My model use two distributions for two random variables H,F:

H \sim \text{Binomial}(p(\theta), N)

F \sim \text{Poisson}(q(\theta))

where p(\theta),q(\theta) are positive functions of model parameter \theta.
Then, in this case, what is the reparameterization?

If I use the first part or the last part of MCMC samples in the above trace plot, then it converges in R hat criterion. Such sampling has make sense? or taboo?

Is theta the only parameter in the model? Convergence is global phenomenon, any problematic parameter can spoil all inferences. Coming up with a good reparameterization is difficult and depends on the form of the functions. I can’t promise anything but if you post the full code I’ll take a look.

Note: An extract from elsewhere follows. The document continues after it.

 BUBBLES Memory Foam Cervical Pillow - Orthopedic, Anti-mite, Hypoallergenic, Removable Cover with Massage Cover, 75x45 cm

What you’re seeing is called “pseudoconvergence”. “Convergence in R-hat criterion” cannot guarantee that the samples are drawn from the intended distribution. We just optimistically assume it does.
In this case I interpret the trace plot to mean that the target posterior has a wide basin and a sharp ridge and the transition between these is extremely difficult. When the sampler explores the basin it moves efficiently and looks like it has converged. But these samples do not represent the full posterior! When the sampler eventually finds the ridge, it gets stuck.
Maybe the ridge is just a pathological artifact of a bad prior and can be ignored. Or maybe the basin is the artifact and the ridge is the real region of interest. Or maybe the model is just that complicated and the desired posterior distribution contains both parts. Hard to say.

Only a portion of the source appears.